== Segment start ==
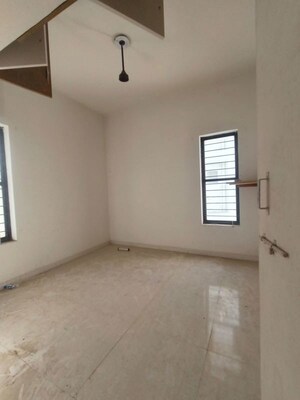 Room in  Apartment at Padra Road – for Sale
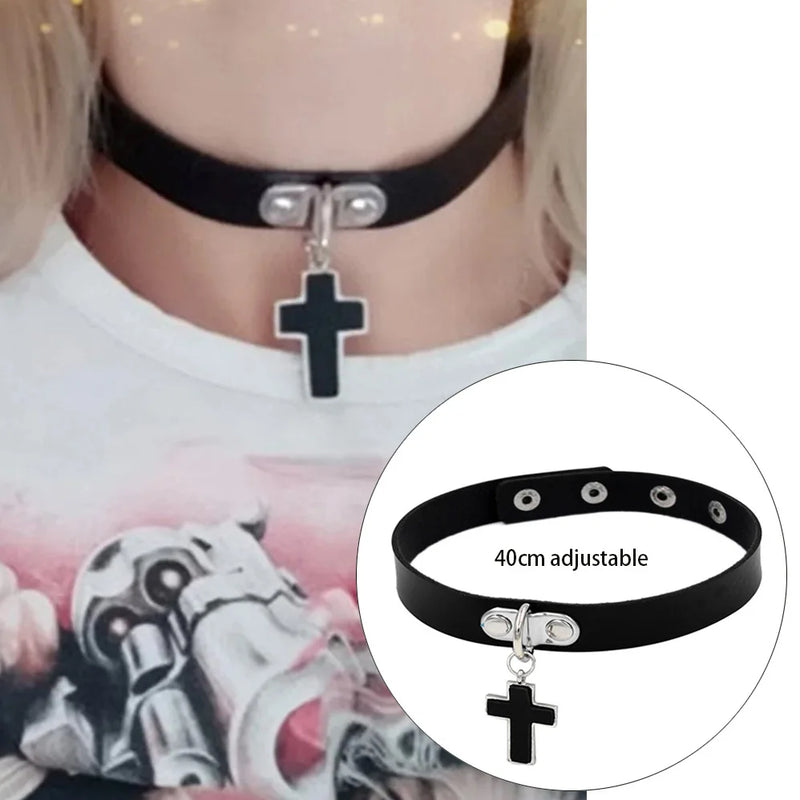 Sexy Trendy Vintage Charm Round Gothic Collar Necklaces Jewelry Gift Gothic Leather Heart Harajuku Women Punk Choker Necklace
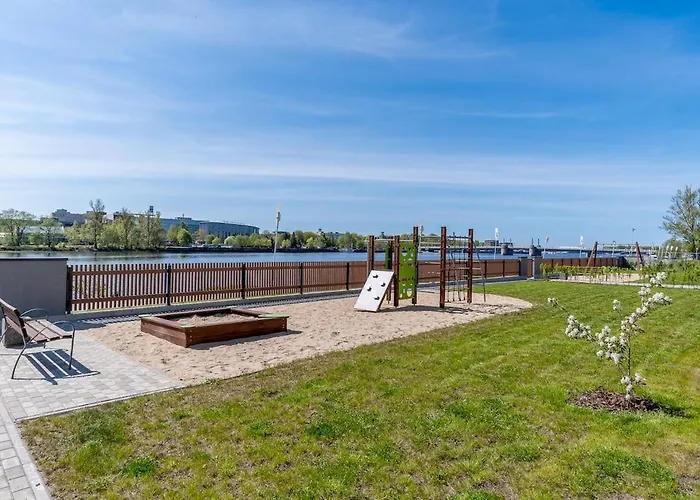 Apartmán Family Near River, Big Balcony, Free Parking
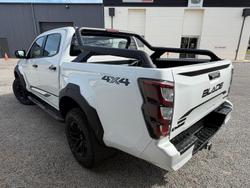 2026 Isuzu D-MAX BLADE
== Segment end ==
A faithful copy of the data is required: each word kept, each picture omitted.

[RESULT FOR THIS TASK]
 Room in  Apartment at Padra Road – for Sale
 Sexy Trendy Vintage Charm Round Gothic Collar Necklaces Jewelry Gift Gothic Leather Heart Harajuku Women Punk Choker Necklace
 Apartmán Family Near River, Big Balcony, Free Parking
 2026 Isuzu D-MAX BLADE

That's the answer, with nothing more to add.